Ou seja, 50% das vagas das universidades e instituições federais continuam reservadas para alunos de escolas públicas de baixa renda, pretos, pardos, indígenas e pessoas com deficiências e, agora, para os quilombolas. Outra mudança aprovada foi que os cotistas vão, inicialmente, disputar as vagas gerais e, caso não consigam a vaga na ampla concorrência, usarão as notas que tirarem para disputar as vagas previstas nas cotas.
“Já foram aprovadas algumas mudanças importantes pelo atual presidente, como a inserção dos quilombolas e a redução da renda familiar exigida”, falou Sandra Melo, para quem a inserção dos quilombolas na Lei de Cotas é uma reparação histórica necessária para que o país possa iniciar a redução, de fato, da desigualdade racial.
Ela frisou ainda a que a revisão da legislação ampliou a política de cotas para a pós-graduação, apesar de ser de responsabilidade das universidades a decisão sobre a quantidade de vagas ofertadas. “E dá prioridade aos cotistas no recebimento de auxílio estudantil, além de prever uma reavaliação da política de cotas a cada dez anos e o monitoramento anual dos resultados”.
Outro destaque para as mudanças sancionadas por Lula é que, além do Ministério da Educação, também passam a ser responsáveis pelo acompanhamento da política de cotas os ministérios da Igualdade Racial, dos Direitos Humanos e da Cidadania, dos Povos Indígenas e a Secretaria Geral da Presidência da República.
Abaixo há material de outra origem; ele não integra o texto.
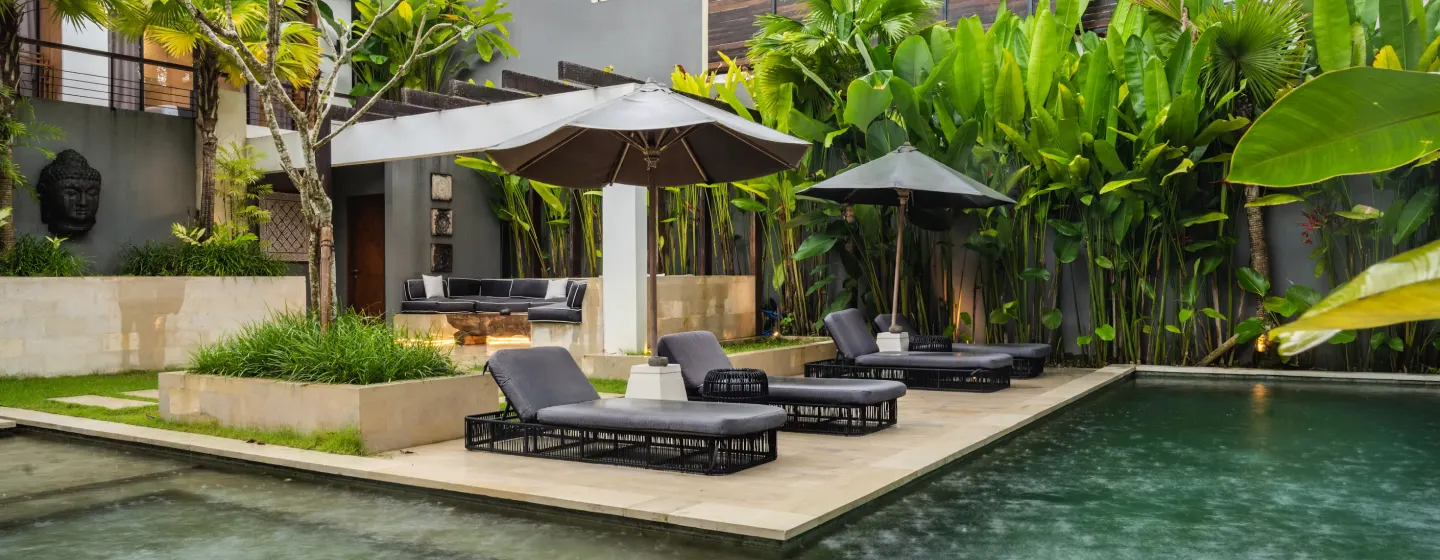 Kolam renang villa dengan kursi berjemur dan taman tropis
SURGIMENTO DA LEI DE COTAS
Sancionada no ano de 2012, a Lei de Cotas é o resultado de um conjunto de lutas sociais por parte do movimento negro, ocorridas durantes décadas antes da sua promulgação. Em 2002, as universidades estaduais da Bahia (Uneb) e do Rio de Janeiro (UERJ) tornaram-se precursoras na implementação de ações afirmativas para o ingresso de negros nas universidades. A Universidade de Brasília (UNB) foi a primeira da rede federal a adotar as políticas de cotas, em 2004.
“No cenário brasileiro, a mudança mais notória é a quantidade de pessoas negras com formação superior que, apesar de ainda precisar aumentar o número, teve um crescimento importante. Não resta apenas o trabalho subalterno que a sociedade racista estruturalmente nos oferta, mas existem novas possibilidades”, explicou a especialista Sandra Melo.
Vale ressaltar que a revisão da Lei de Cotas não se aplica a concursos públicos, visto que são legislações distintas. A Lei N° 12.990/2014, que dispõe a reserva de 20% das vagas para pessoas negras nos concursos públicos, também será objeto de revisão, mas somente em 2024, dez anos após a sua publicação.